In early 2006, the 1st and 2nd seasons were released on DVD in Australia (region 4). Series 1 was also released in the US (region 1). South Africa was the only country to release the third and final series 3 on DVD in 2007.

Each episode on the DVDs has bonus features. The main feature is that each episode has a longer running time than when it was shown on TV. All the episodes have longer interviews with police, family or friends of the victim or victims, and even interviews with family or friends of the killer or killers.

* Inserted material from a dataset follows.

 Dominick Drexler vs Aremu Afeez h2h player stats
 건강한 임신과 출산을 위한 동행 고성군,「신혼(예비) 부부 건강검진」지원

There are also more video clips and photos shown of the crime scene.

=== DVD releases ===

| DVD title | Format | Ep # | Discs | Region 1 (USA) | Region 2 (UK) | Region 4 (Australia) | Special features | Distributors |
|---|---|---|---|---|---|---|---|---|
| Forensic Investigators Season 01 | DVD | 06 | 3 | 5 September 2006 | N/A | 8 May 2006 | None | Destra Entertainment |
| Forensic Investigators Season 02 | DVD | 12 | 3 | N/A | N/A | 8 May 2006 | None | Destra Entertainment |
| Forensic Investigators Season 03 | DVD | 11 | 4 | N/A | South Africa (2007) | N/A | None |  |

=== Online streaming===
All seasons of Forensic Investigators are currently streaming on Amazon Prime and 7plus.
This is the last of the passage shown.